Wichtig ist, dass Informationen aus dem Fernsehen verarbeitet werden. Es dürfen nicht zu viele Informationen in zu schneller Reihenfolge vermittelt werden. Das Kind kann sie sonst nicht aufnehmen und wird verwirrt. Eltern müssen deshalb ihren Kindern bei der Verarbeitung des Gesehenen helfen. Positiv ist, wenn das Fernsehen ein angemessenes Bild von der Realität vermittelt, denn Vorschulkinder können kaum zwischen Wirklichkeit und Scheinwelt unterscheiden, können Werbung und Abenteuerfilme nicht einschätzen.

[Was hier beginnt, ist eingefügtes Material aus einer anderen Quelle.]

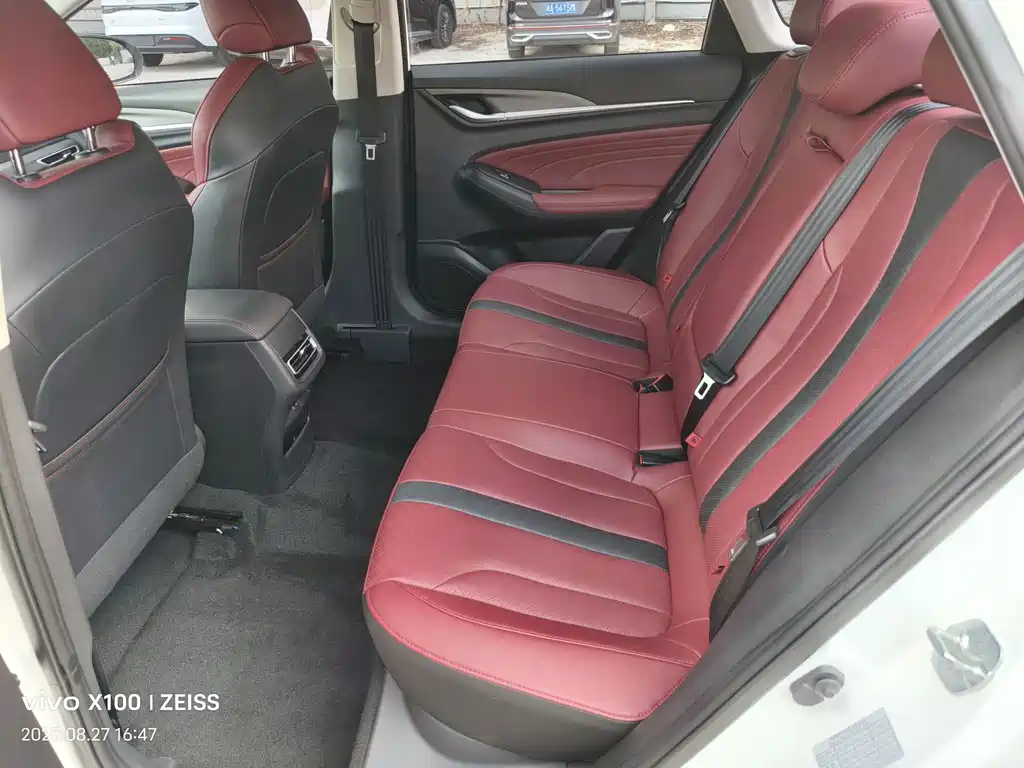 Changan YiDong 2021 PLUS 1.6L GDI CVT Elite 2021 - thumbnail 5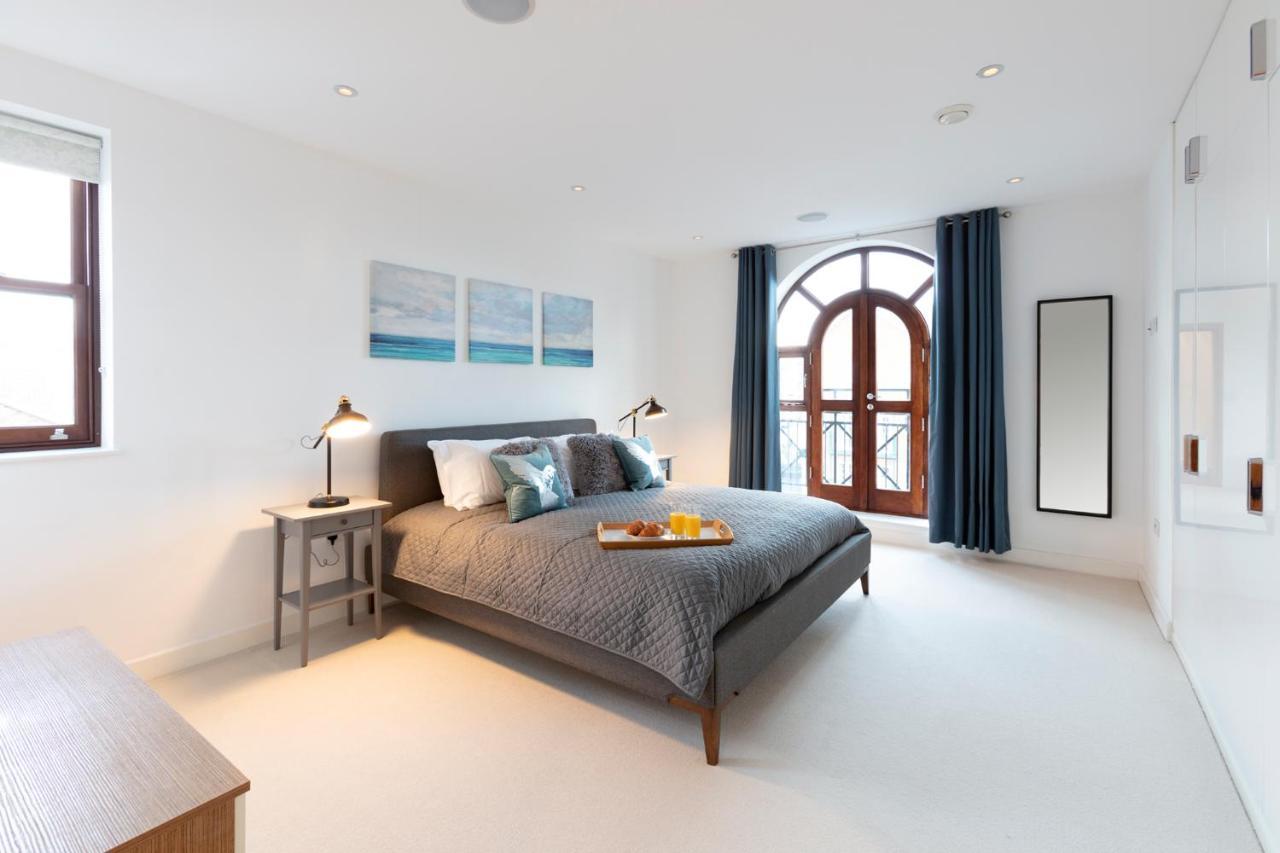 Hampden Apartments - The Henry Γουίνσδορ Εξωτερικό φωτογραφία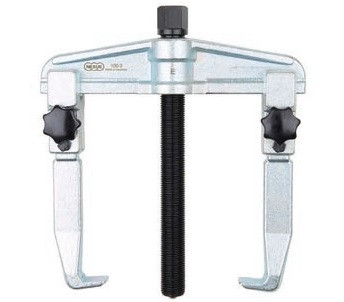 E100-1 Extractor universal cu 2 brate cu piulite rapide 20 - 90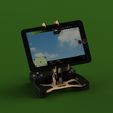 11.jpg Tablet Holder (DJI Drones)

Vor allem im sozialen und emotionalen Bereich lernen Kinder auch durch das Fernsehen. Denn Filme regen die Kinder zur Nachahmung an. Lernen sie positive Vorbilder, Durchsetzungsformen oder Problemlösungen durch das Fernsehen kennen, werden diese auch beim Kind verstärkt. Dominieren Sendungen mit Aggression, Gewalt oder Angst, werden diese Formen gefördert. Dasselbe gilt für die Gefühlswelt der Kinder, denn alles, was sie im Fernsehen „miterleben“, was in Familien, mit Tieren, in der Umwelt so passiert, bewegt sie auch emotional. Das Fernsehen kann durchaus die emotionale Sensibilität in positiver Weise fördern, wenn die Kinder die Möglichkeit haben, diese Erlebnisse im Gespräch mit Erwachsenen zu verarbeiten. Ansonsten fühlt sich das Kind bei der Verarbeitung und Einordnung allein gelassen. Das Problem ist, dass viele Kinder stundenlang Sendungen ansehen, die für ihr Alter nicht geeignet sind. Dabei verstehen sie oft gar nicht, was sie anschauen. Sie können das Gesehene nicht einordnen in ihre Welt, aber die unverstandenen Szenen regen sie trotzdem emotionell auf.

Fernsehen ist durchaus positiv zu sehen, wenn Eltern darauf achten, dass ihre Kinder nicht wahllos, sondern gezielt und kontrolliert schauen. Eltern müssen wissen, was und wie lange die Kids täglich fernsehen, müssen entscheiden, was sie an Fernsehkonsum erlauben und wann abgeschaltet wird. Das erfordert auch von den Eltern eine gewisse Medienkompetenz.